How to compare av1 and h.265 in your browser
- Step 1Pick one representative source clip — Use a 20–60 second clip that represents your real content (motion, grain, detail). Both encoders read it locally via an off-screen
<video>; nothing uploads. - Step 2Decide the comparison axis: size or speed — Matched bitrate (pin the same kbps on both) → compare which looks better at the same size. Matched quality (eyeball-match by adjusting bitrate) → compare resulting file sizes. Don't compare auto-vs-auto, because the two have different per-pixel defaults (0.04 vs 0.06).
- Step 3Encode H.265 first — Open the H.265 encoder, set your Bitrate and the source's real Framerate, encode, note the output size and how long it took. H.265 hardware encode works on almost any modern GPU.
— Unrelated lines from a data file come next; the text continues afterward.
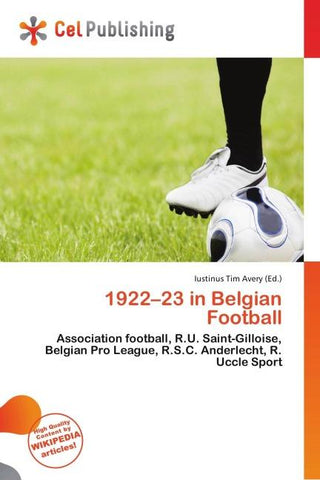 1922-23 in Belgian Football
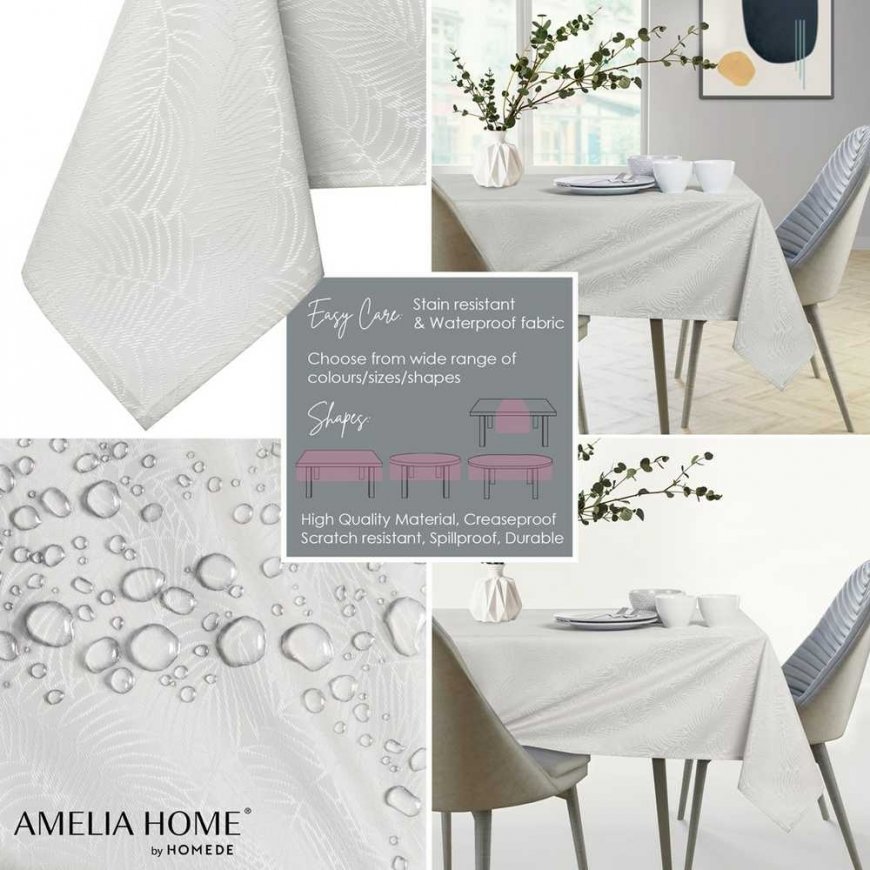 AmeliaHome Staltiesė AH GAIA BRD KREM 80X80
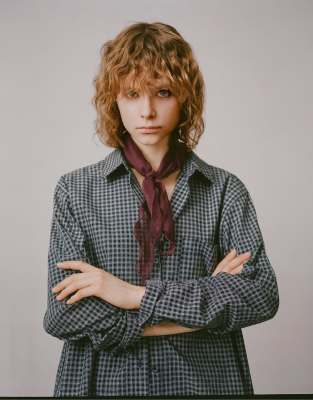 Pull & Bear - Bandana aus Chiffon in Kastanie-Rot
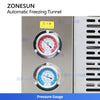 ZONESUN ZS-CTL1 Automatic WaxCandle Cooling Tunnel High-Efficiency Flash Freezer Conveyor for Solid Cosmetics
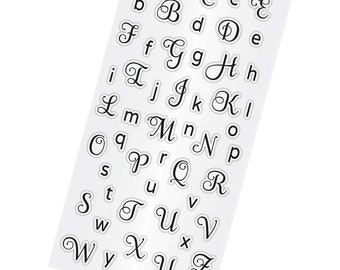 Hampton Art Clear Stamp Set - Script Alphabet Letters SC0782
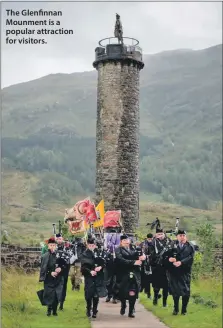  ??  ?? The Glenfinnan Mounment is a popular attraction for visitors.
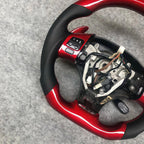 Red Carbon Fiber Steering Wheel Fits Lexus IS250 / IS350
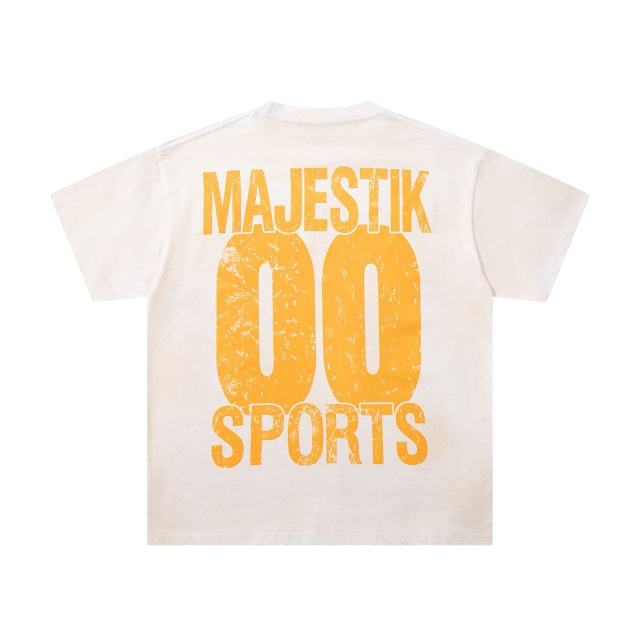 Miami Sunset Sports Car Rhinestone Print Washed Tee 29060732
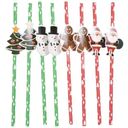 Трубочки бумажные 19.5см, 8шт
- Step 4Encode AV1 with the identical settings — Open the AV1 encoder, set the same Bitrate and Framerate, encode, note size and time. If your GPU lacks AV1 encode hardware, this step refuses — which is itself a decisive comparison result for your machine.
- Step 5Compare size, speed, and playback — At matched bitrate the files are similar in size — judge quality by eye. At matched quality, AV1 should be ~30% smaller. Also note encode time (both are hardware, usually near real-time) and that both outputs are video-only.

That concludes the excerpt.